Clinical trials suggested that two doses of a 3-microgram vaccine, which is one-third the adult dose, was safe and effective for babies ages 6 months to one year. However, in kids ages 2 to 4, that dosage of the vaccine didn’t offer enough protection, although it was shown to be safe.

At the moment, Pfizer is reviewing the efficacy of a third dose of the vaccine, which is given two months after the second dose. Adding a third shot may offer a higher degree of protection and “maximize the risk-benefit profile,” a spokesperson told BuzzFeed News.

The company said this data should be ready by early April, which could mean vaccines will be available for kids under 5 around that time. (The Pfizer vaccine is already available for kids ages 5 and up.)

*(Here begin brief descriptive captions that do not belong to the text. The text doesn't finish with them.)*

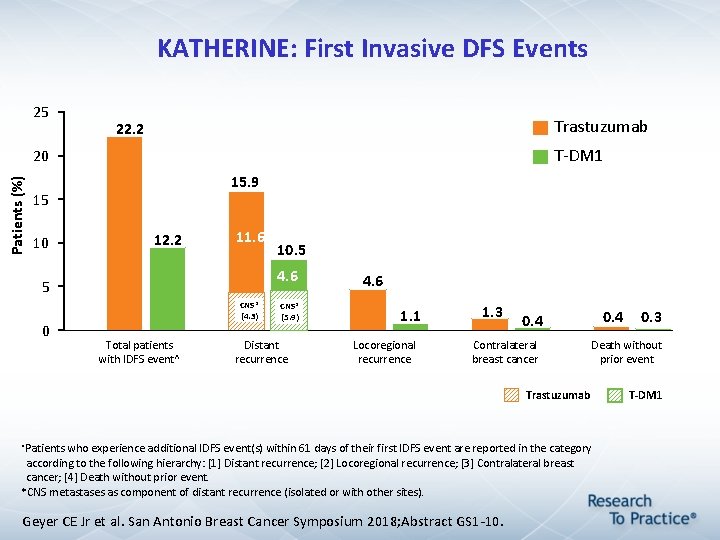 KATHERINE: First Invasive DFS Events 25 Trastuzumab 22. 2 T-DM 1 Patients (%) 20 KATHERINE: First Invasive DFS Events 25 Trastuzumab 22. 2 T-DM 1 Patients (%) 20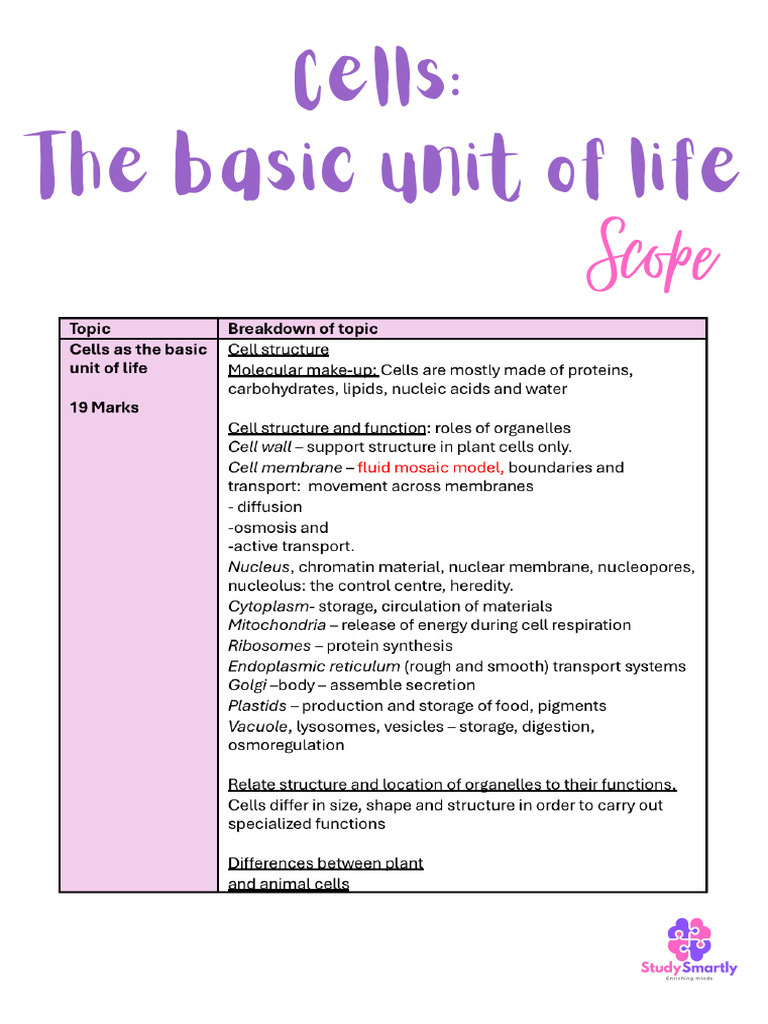 Cells As A Basic Unit of Life | PDF | Chloroplast | Cell (Biology)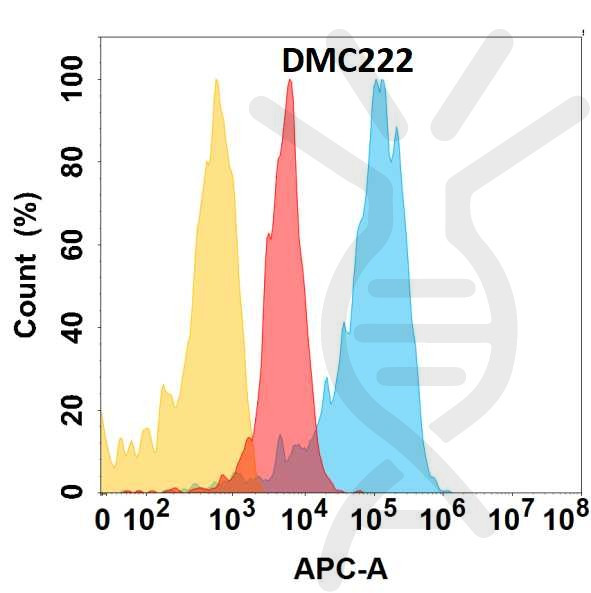 Anti-PCSK9 antibody(DMC222), IgG1 Chimeric mAb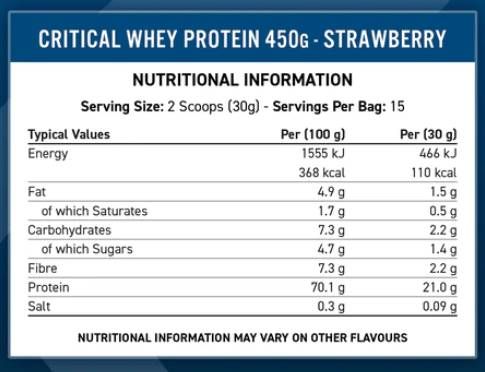 Critical Whey | Advanced Protein Blend - 450 грама - Feel You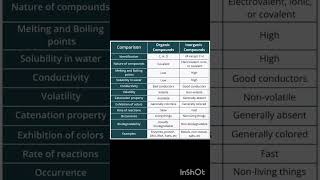 Difference between organic and inorganic compounds Basic concept ytshorts viralncert neet XI [upl. by Earesed]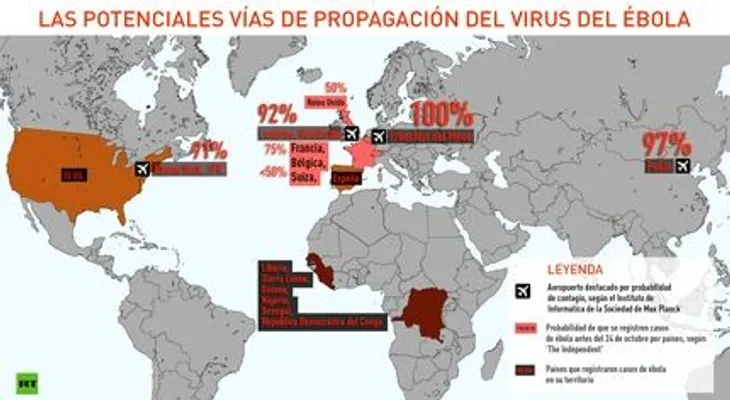 Mapa interactivo del ébola: potenciales vías propagación del virus 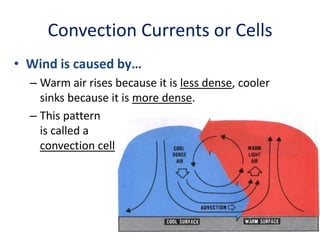 Convection Currents or Cells
• Wind is caused by…
– Warm air rises because it is less dense, cooler
sinks because it is more dense.
– This pattern
is called a
convection cell

 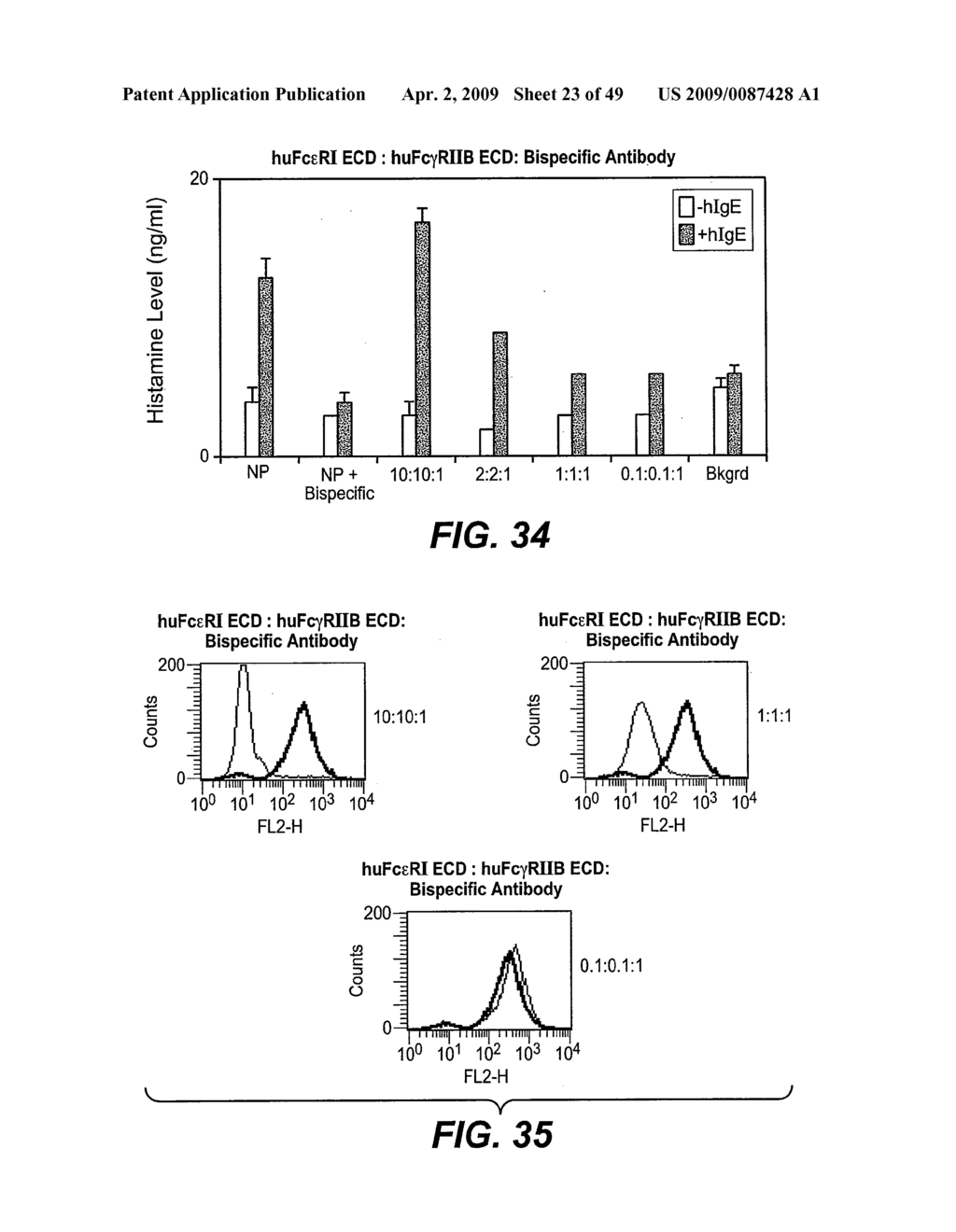 ANTI-FC-GAMMA RIIB RECEPTOR ANTIBODY AND USES THEREFOR - diagram, schematic, and image 24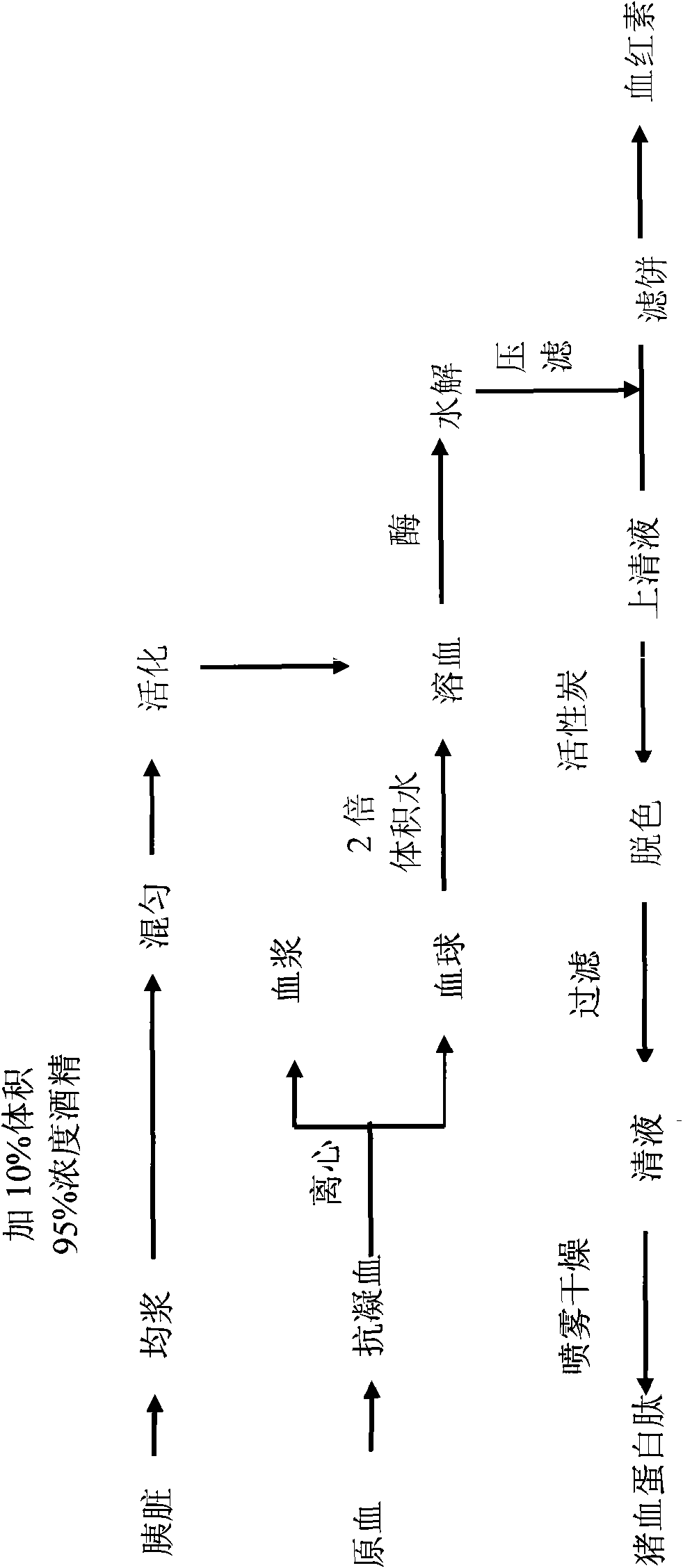 Technology using swine fresh pancreatin to produce swine blood protein peptide and haemoglobin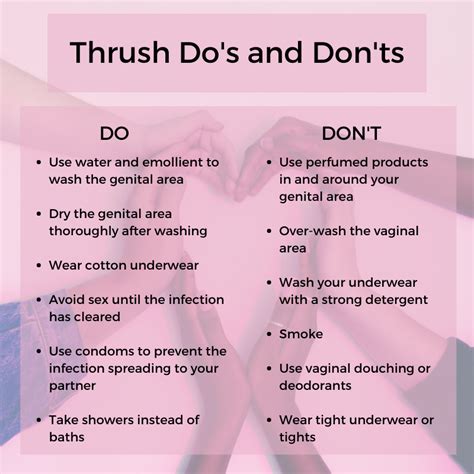 what s the difference between bacterial vaginosis and thrush doctor 4 u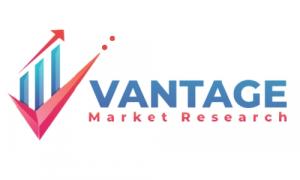 Industrial Enzymes Market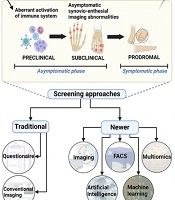 In Search of Predictive Indicators for the Development of Psoriatic Arthritis in Patients with Cutaneous Psoriasis: The Path Traversed and the Road Ahead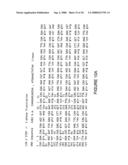 DNA sequences encoding peptide sequences specific for the hepatic stages of P. falciparum bearing epitopes capable of stimulating the T lymphocytes diagram and image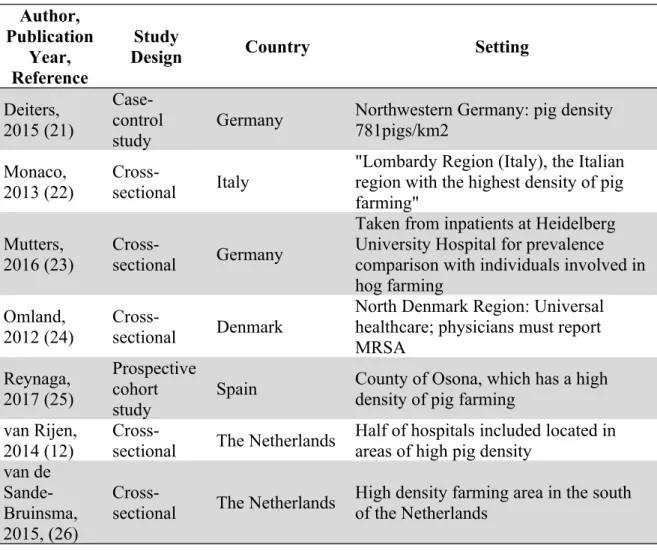 TABLE 3. Summary of location and setting of studies considering livestock-associated  MRSA carriage in hospital patients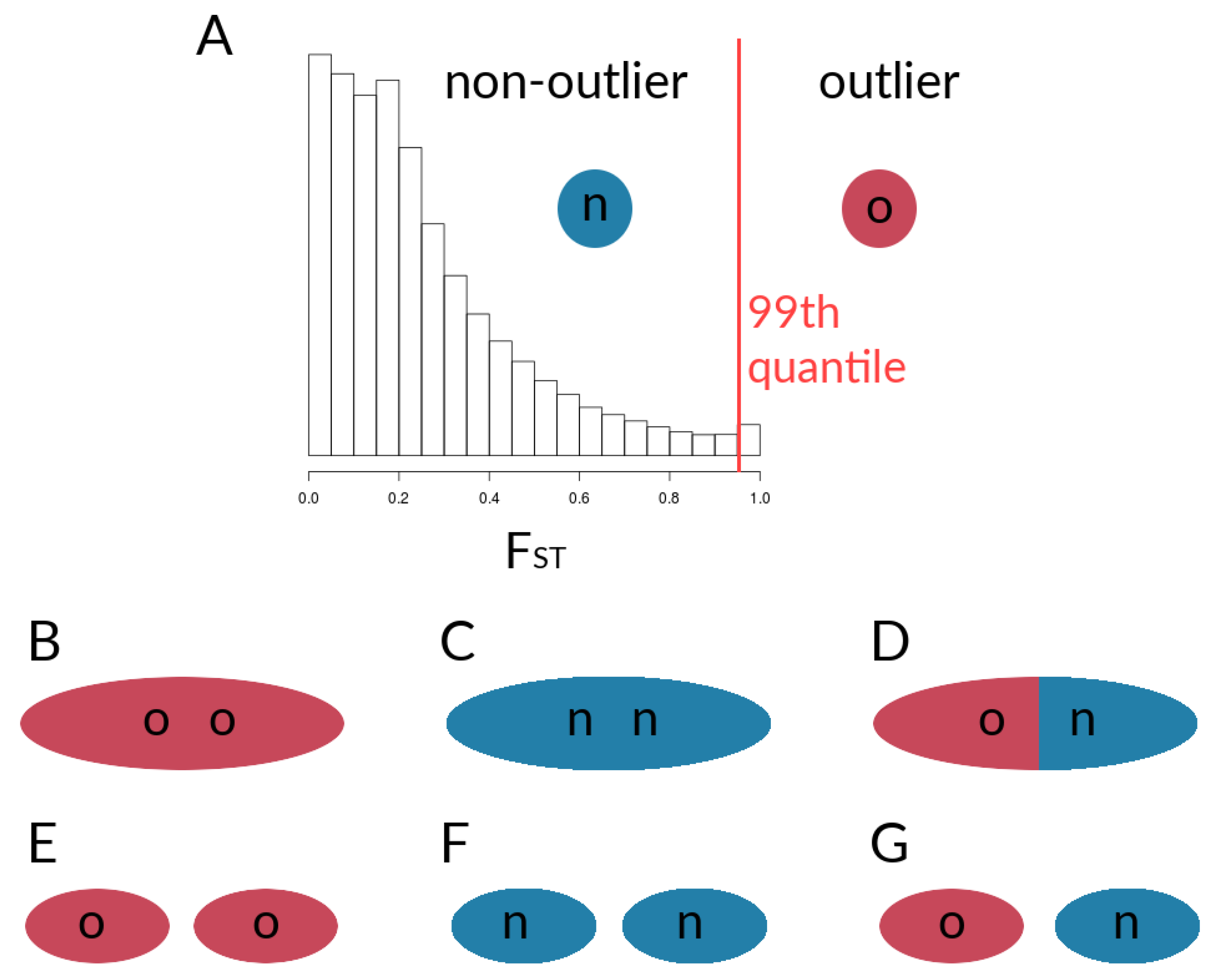 Genes 09 00274 g003 Genes 09 00274 g003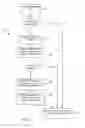 Fig. 03 - Efficient data transfer in a virus co-processing system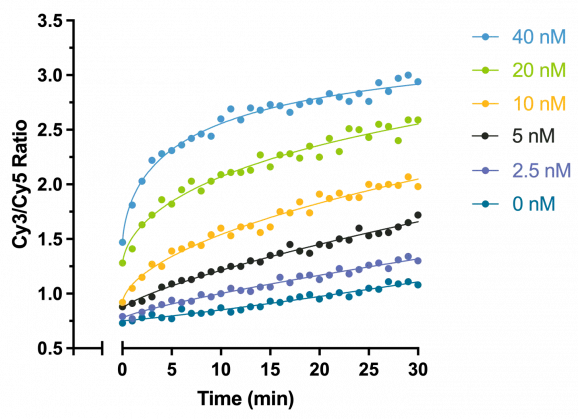 15-1014-chromatin-remodeling-assay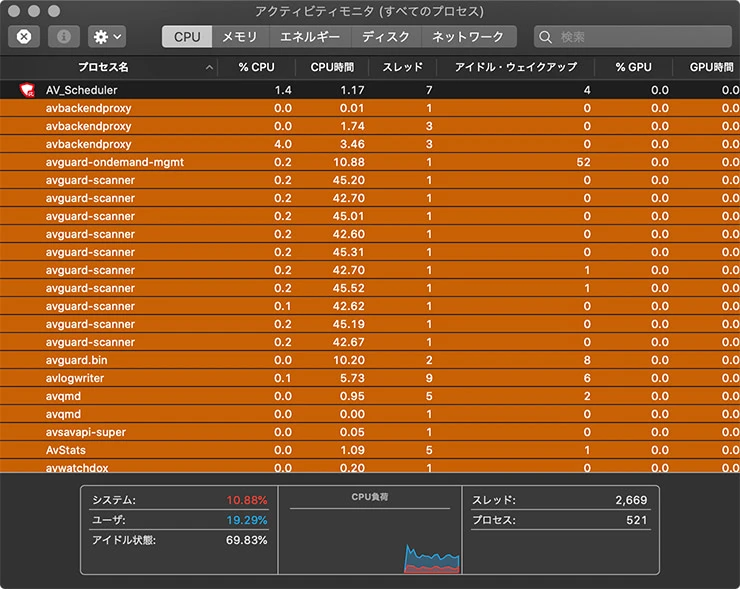Avira Antivirusのシステムプロセス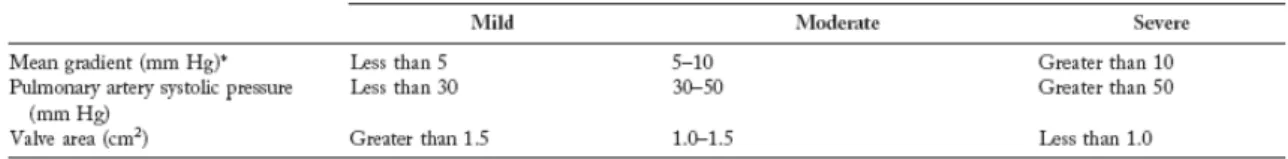Ilustração  7‐  Classificação  da  Severidade  da  Estenose  Mitral  em  Adultos  (Baseado  nas  "ACC/AHA  2006 Guidelines for the Management of Patients With Valvular Heart Disease"). 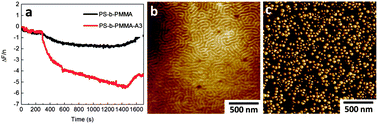 Graphical abstract: 2-D gold nanoparticle arrays from thermally directed self-assembly of peptide-derivatized block copolymers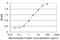 Integrin Subunit Beta 6 antibody, H00003694-M03, Novus Biologicals, Enzyme Linked Immunosorbent Assay image 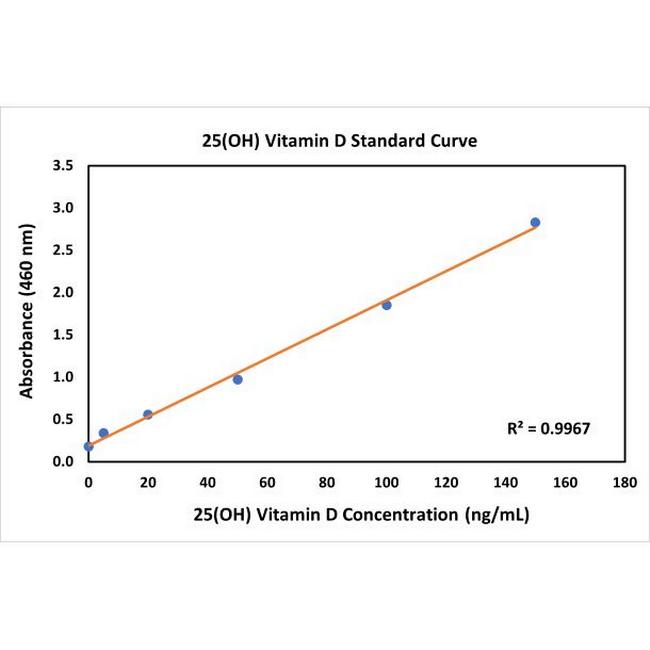 25-OH Vitamin D3 Antibody in ELISA (ELISA)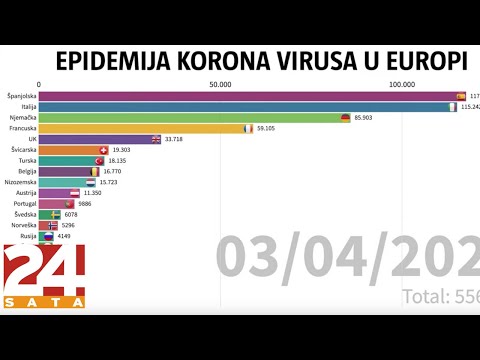 GRAF: Kako je korona virus 'pokorio' Europu? Ovako raste broj zaraženih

This week Moderna released its data on vaccines for children under 6 and expects to ask the FDA for authorization “in the coming weeks,” the company said. The vaccine, which is 25 micrograms or a quarter of the adult dose, was 43.7% effective against coronavirus infection primarily caused by the Omicron variant in kids 6 months to 2 years old and 37.5% effective in those 2 to 5 years old. (The Moderna vaccine is currently only available for adults and is about 94% effective in those who get two doses.)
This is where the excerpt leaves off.